Multi-pitch climbing around Lleida, Spain

St. Llorenç de Montgai

St. Llorenç de Montgai is a nice little crag with variative multi-pitch climbing on limestone and conglomerate in the northern Spain. There are also some single pitch routes (quite hard ones), but in my opinion multi-pitch routes are the main attraction there. This post concentrates on the easiest climbs as the weather was so humid and hot when we visited St. Llorenç de Montgai, that there was no point trying to climb anything tougher.

Talk about lush nature.
If you don't mind the unpredictable stone quality at some sectors, the 80 to 180-meter routes in Sant Llorenç de Montgai serve as a good introduction to multi-pitch climbing. 
There are plenty of easy routes, especially at sector La Formiguera and the grading is not so harsh. That being said, the older (?) routes are an exception. The easiest routes at sectors Esperó Remacha and Pared de l'Os are quite exciting and the bolting makes you want to climb extra carefully. If you decide to go there, it's advisable to take a few slings and maybe even a set of nuts and cams with you. A helmet is also a good idea at all sectors, since some routes are quite popular and at sectors La Formiguera and El Cilindre there are loose stones.

Sector La Formiguera
My personal favourites were La Directa (6b, El Cilindre) and La Formigonera Digital (6b, La Formiguera)
Those two routes offered 90 meters of more continuous climbing without any overwhelming cruxes. You can climb them at steady pace and be sure that you'll reach the next bolt after a few more moves. If you're short like me (163 cm), I have some great news for you: there aren't any reachy moves on neither of these routes! Just plenty of comfortable little holds that will take you from one bolt to another, without the fear of having to push yourself to your limits just to get the clip in.

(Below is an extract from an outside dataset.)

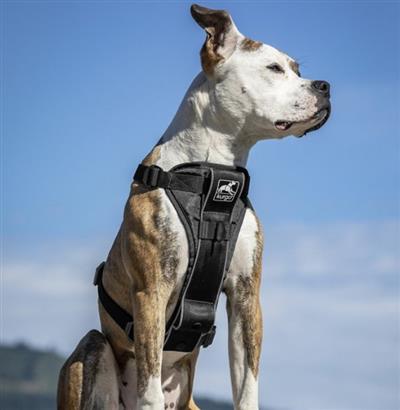 Kurgo Dog Tru Fit Harness Quick Release Black Large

Camping in St. Llorenç de Montgai is easy. At least with a motorhome it wasn't a problem. I don't know if there's a place to set up a tent, but a car you can park 10 meters from the beginning of the routes. There's also a camping site La Noguera at the other side of the village, if that's your thing. Just for water it's not necessary to go there, since there's a fountain in St. Llorenç de Montgai (when you reach the village, it's in a corner to your left). The water's ok for cooking, but I wouldn't drink it.

Can you spot our car?

And the guidebook? You can buy Lleida Climbs from Camarasa, at bar Can Pere. The book is a bit hard to find, since it's from the year 2013 and a new one is on the way. However, Can Pere still had some copies of Lleida Climbs for sale and some other guidebooks which you can take photos of. The pizzas there look and smell delicious too, and I'm still bitter because they had already closed the kitchen when we tried to order some of that deliciousness.

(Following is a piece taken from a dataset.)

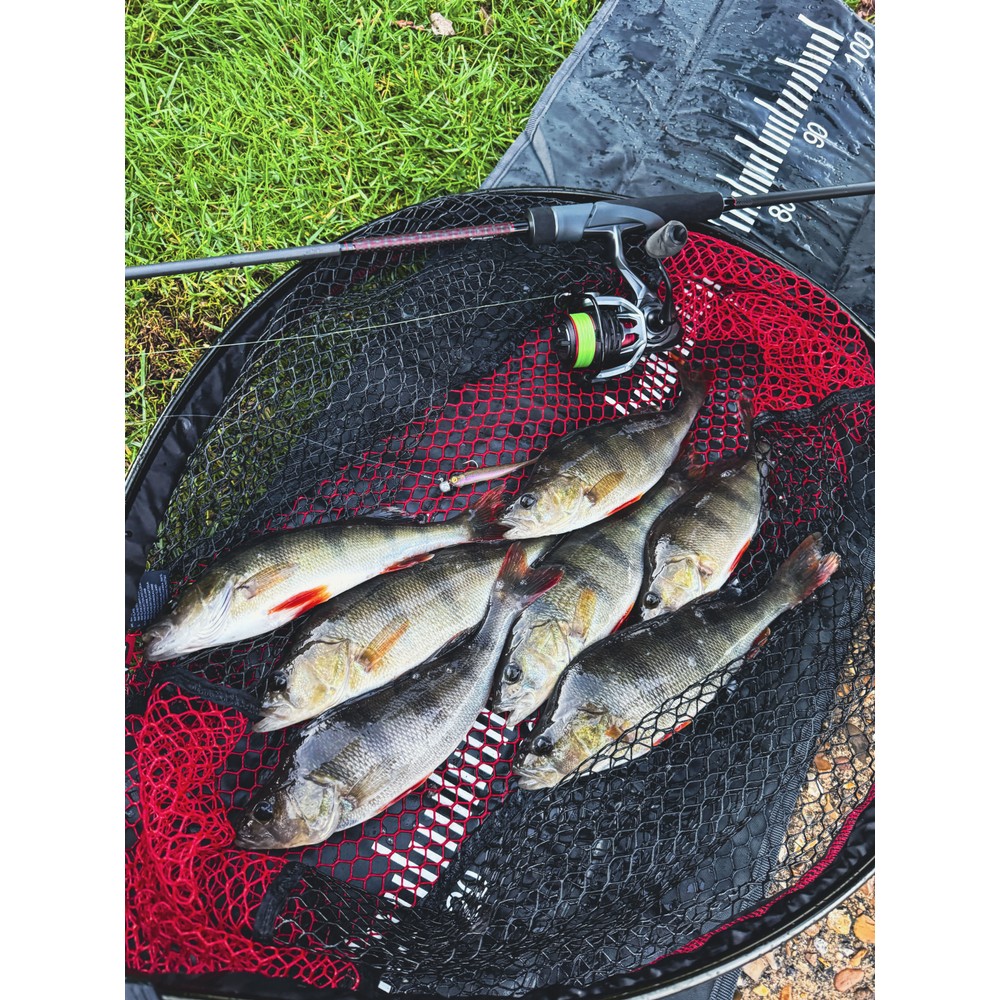 Fox Rage Loaded Mini Tiddler Mixed Colour Pack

Apart from eating pizza, jogging and/or hiking is a good rest day activity. There's a trail following the river bank at the other side of Riu Segre. You'll find the starting point at the bridge in the direction of Camarasa. The trail zig zags in the woods all the way to the dam, which is where you can get back to the St. Llorenç de Montgai side of the river. It's a nice view from the dam, so you might want to stop for some photos there.  It took me just under an hour to reach the starting point again, so I think the length of the trail is around 10 km. Unfortunately there's no beach or anything where to wash yourself afterwards, so you'll have to settle for an always refreshing bottle shower.

Terradets

Terradets is another multi-pitch crag near Lleida. It's a massive gray wall, that has a handfull of just over 200-meter multi-pitch routes around 6b. They're all next to each other on this huge plate and look more or less alike, with the exception that some have a couple of harder pitches. If you like slab climbing, I can recommend going to Terradets and trying out one or two of the routes there. There are some single-pitch routes in Terradets too, but we didn't manage to climb anything that impressive.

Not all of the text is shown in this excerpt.